> **SUPPLIED RECORDS**

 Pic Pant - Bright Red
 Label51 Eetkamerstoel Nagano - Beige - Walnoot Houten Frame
--
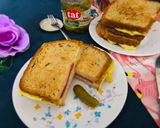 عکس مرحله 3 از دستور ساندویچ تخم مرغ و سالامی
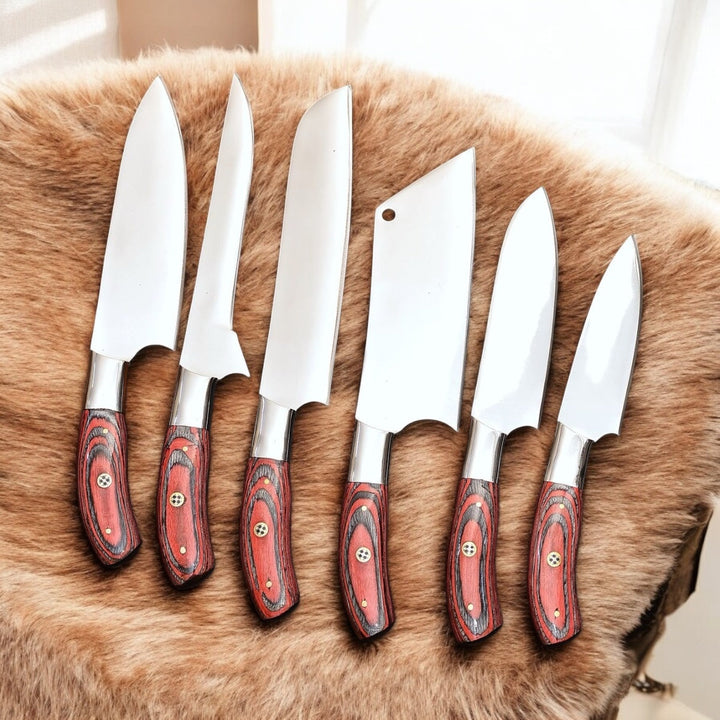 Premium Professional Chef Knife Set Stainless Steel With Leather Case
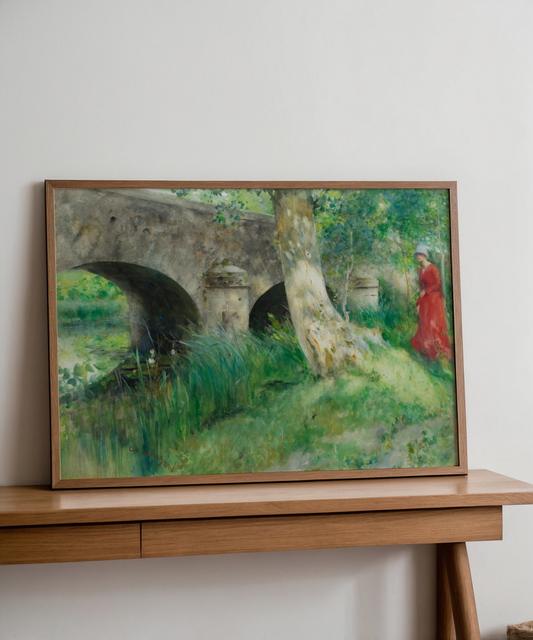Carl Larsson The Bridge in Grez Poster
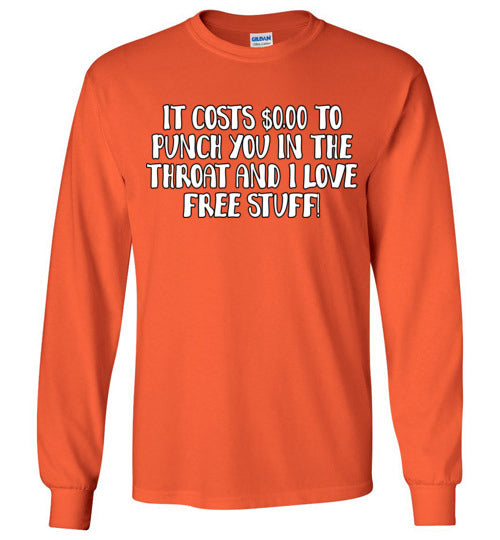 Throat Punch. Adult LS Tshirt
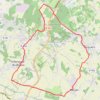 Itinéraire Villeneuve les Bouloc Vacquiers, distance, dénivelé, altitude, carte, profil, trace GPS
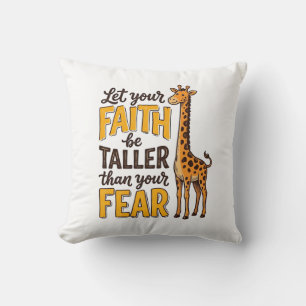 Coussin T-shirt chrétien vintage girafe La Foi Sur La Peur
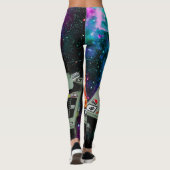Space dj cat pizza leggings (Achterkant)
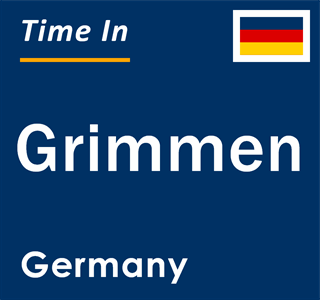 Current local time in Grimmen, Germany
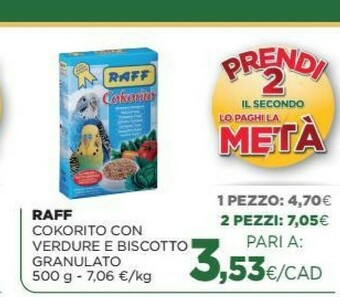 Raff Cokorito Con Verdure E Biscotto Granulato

> **WHAT YOU NEED TO DO**
Write down exactly what the lines above say, from the line holding "Current local time in Grimmen, Germany" through the line holding "Raff Cokorito Con", and nothing more. Do not copy the pictures.

> **EXERCISE SOLUTION**
 Current local time in Grimmen, Germany
 Raff Cokorito Con Verdure E Biscotto Granulato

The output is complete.